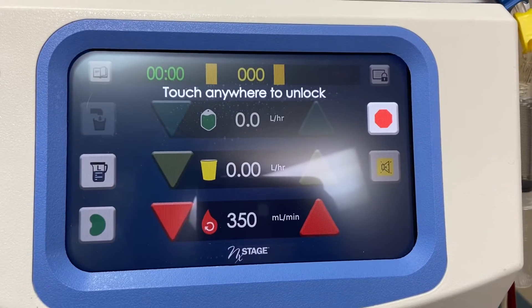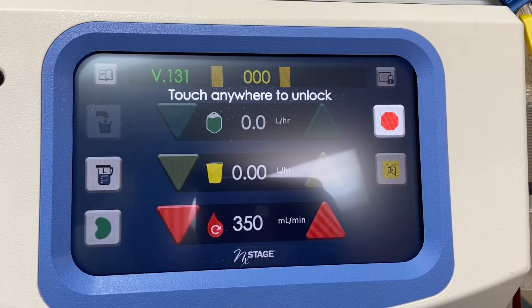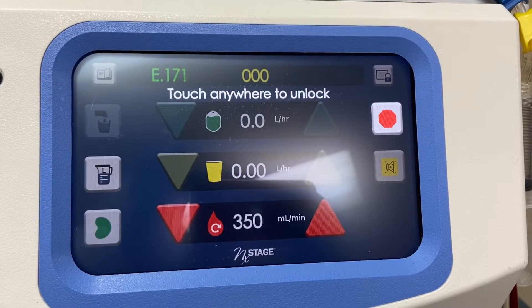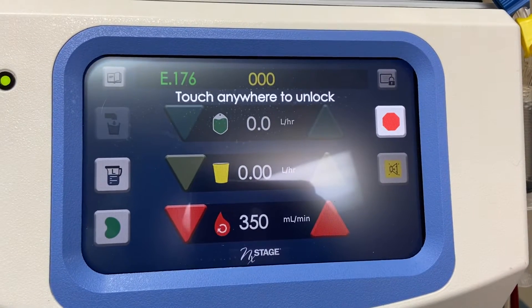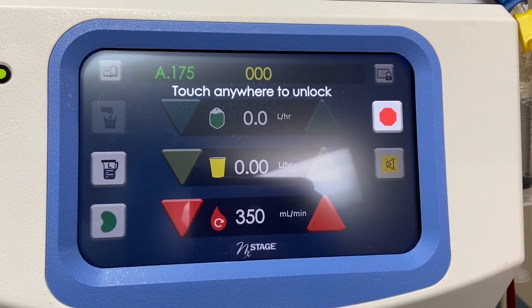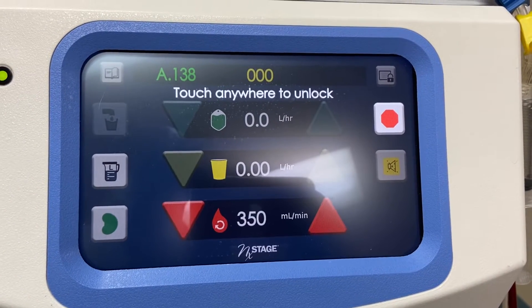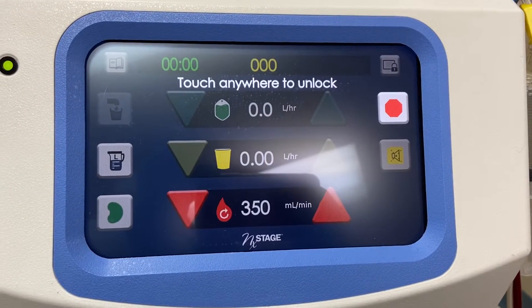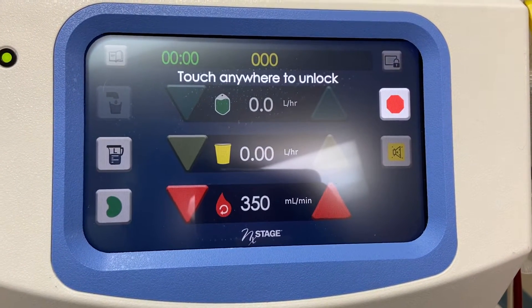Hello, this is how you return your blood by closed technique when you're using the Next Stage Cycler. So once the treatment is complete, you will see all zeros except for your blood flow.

════════════════════

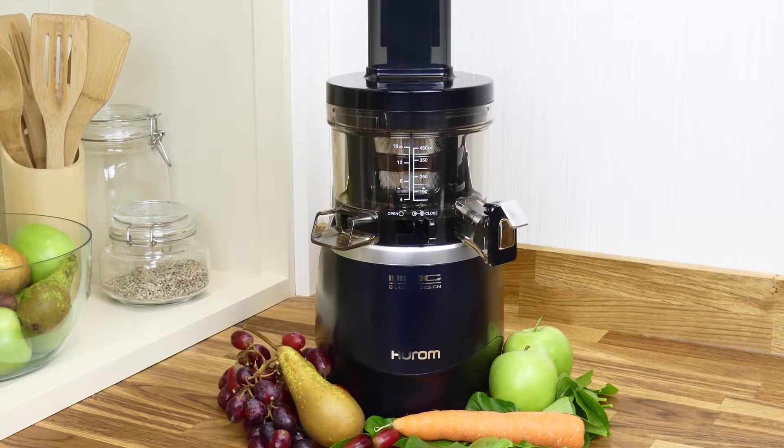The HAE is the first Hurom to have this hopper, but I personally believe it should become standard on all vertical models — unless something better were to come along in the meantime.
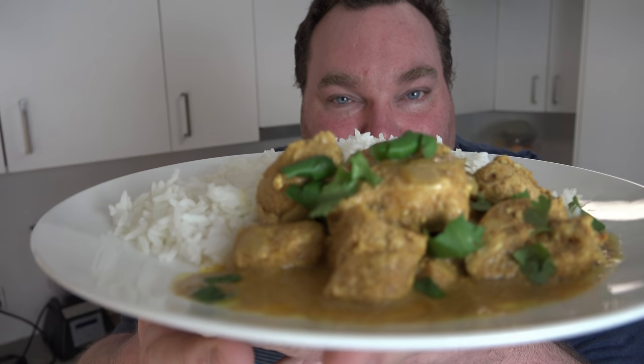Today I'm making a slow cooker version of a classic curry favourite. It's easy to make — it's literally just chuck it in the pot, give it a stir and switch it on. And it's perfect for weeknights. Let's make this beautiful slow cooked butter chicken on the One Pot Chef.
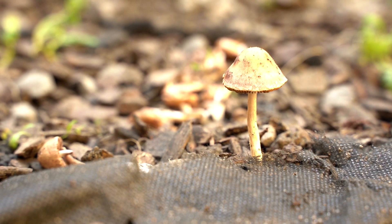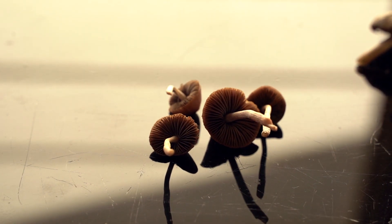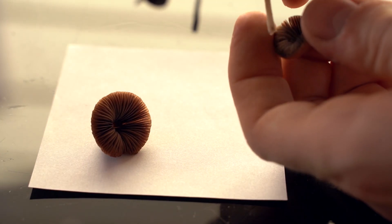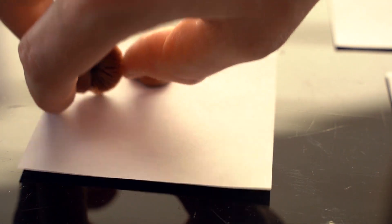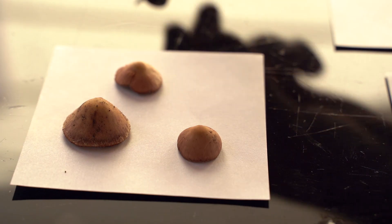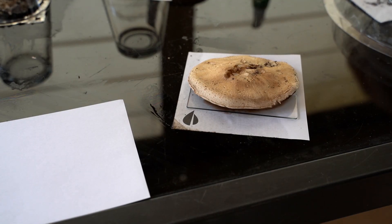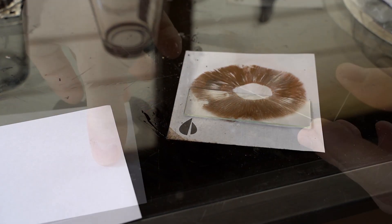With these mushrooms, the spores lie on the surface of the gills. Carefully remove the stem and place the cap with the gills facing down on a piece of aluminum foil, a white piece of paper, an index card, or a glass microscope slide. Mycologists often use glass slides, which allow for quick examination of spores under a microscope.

════════════════════

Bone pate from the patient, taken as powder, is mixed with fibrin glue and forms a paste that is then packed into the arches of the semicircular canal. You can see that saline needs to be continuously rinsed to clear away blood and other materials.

════════════════════

● WHAT NEEDS TO BE DONE:
Your answer is the exact run of lines above from the one with "The HAE is the" through the one with "With these mushrooms, the", both ends included, minus any picture.

● SOLUTION BELOW:
The HAE is the first Hurom to have this hopper, but I personally believe it should become standard on all vertical models — unless something better were to come along in the meantime.
Today I'm making a slow cooker version of a classic curry favourite. It's easy to make — it's literally just chuck it in the pot, give it a stir and switch it on. And it's perfect for weeknights. Let's make this beautiful slow cooked butter chicken on the One Pot Chef.
With these mushrooms, the spores lie on the surface of the gills. Carefully remove the stem and place the cap with the gills facing down on a piece of aluminum foil, a white piece of paper, an index card, or a glass microscope slide. Mycologists often use glass slides, which allow for quick examination of spores under a microscope.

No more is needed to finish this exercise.